As I thought going in, I needed to walk home afterwards - for almost two hours - in order to burn off the tension. Judging from an intemporate email I wrote when home, the march was not long enough. The film's ending, as you know, is entirely unsatisfactory. Knowing what will happen, you nonetheless hope against hope that the final struggle will end differently. I suppose this is even true for the Jihadists and their western nihilist compadres who get a kick out of American death and destruction. The film's message, delivered equally to both sides, is that the war remains to be won, the full meaning of the event is yet to be written.

In terms of esthetics, the notable quality of the film is its investment in a certain kind of realism that might appear to be non-judgmental, as if that were possible in respect to such an event. Beyond its pacing of the unfolding event, there is very little obvious dramatization, and the actors are unknowns - some of the roles of the NORAD and air traffic control personnel are actually played by the real persons themselves, as if the film were a means for those who lived the trauma of 9/11 to give their testimony as to what really happened, and to allow for some catharsis.

Without much obvious symbolic manipulation, we are simply walked through the known moments of that horrible day. There is no background narrative on the people involved, so it seems as if evil simply appears on a mundane scene, its intentions unexplored, beyond the obvious religious-cultish motivations of the murderers we see often praying and chanting. Similarly, we are given no background on the lives of the victims, so that they appear before us much as would any strangers we see at the airport and on the plane.

One might thus think that the film offers us no obvious motivation with which to mythologize, or make sense, of the sacrificers' choice of victims. But the inevitable Americanness of the scene is highlighed by the insertion of a shot at the beginning of the film, where a "God Bless America" sign, supposedly on the road to the airport, is shown. This happens immediately after a shot of the murderers bowing to their god on a prayer rug in their hotel room. I took this juxtaposition as a vile attempt at suggesting, just possibly, some kind of moral equivalence between two forms of faith. I felt a similar revulsion on two other occasions.

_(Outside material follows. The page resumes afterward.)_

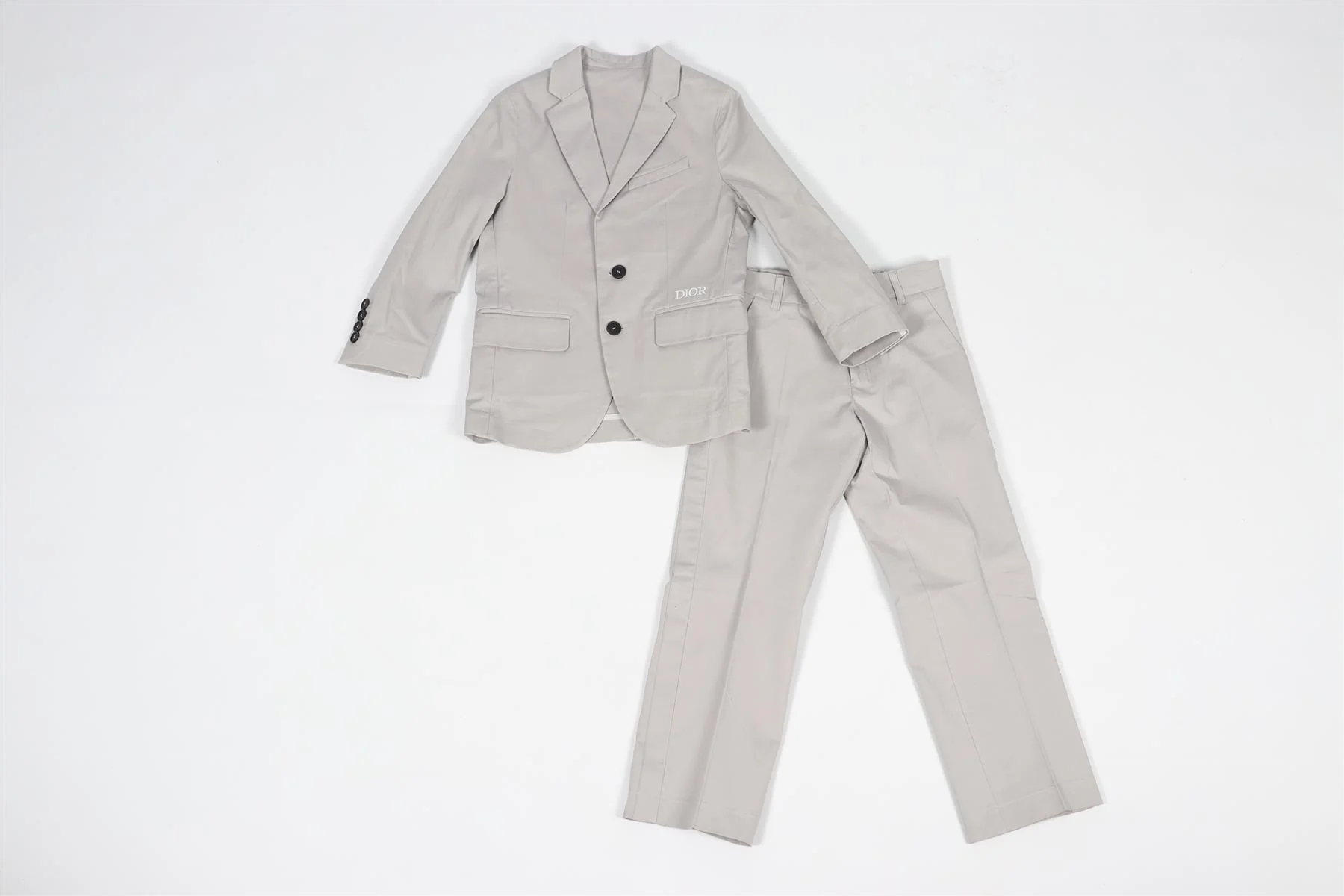 CHRISTIAN DIOR GREY KIDS BOYS COTTON BLEND SUIT 8 YEARS - Image 14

The first was when we see the murderer who will "fly" the plane respond kindly to a flight attendant while being provoked by the fretful demands of his comrade that he stop waiting and start the hijacking. Despite this emotional distraction, he is nonetheless able to acknowledge and politely refuse the flight attendant's unanticipated appearance and offer of a drink - this is the only scene where we see the murderers significantly interacting with the crew before they reveal their homicidal intent. That the well-dressed and tonsored Jihadist leader - who is depicted as too nervous to signal his accomplices to begin their final evil as early as would have been necessary to turn the plane around and get to Washington before the passengers had time to learn what was going on and put an end to the Jihadist plan - would have the presence of mind to gallantly mask his certain disdain for the infidel woman he was about to kill, strikes me as unbelievable. While it does us no good to dehumanize the enemy - and thus fail in our duty to understand him, the better to defeat him - this scene struck me as over-romanticizing a bastard. But what do I or anyone really know about the man?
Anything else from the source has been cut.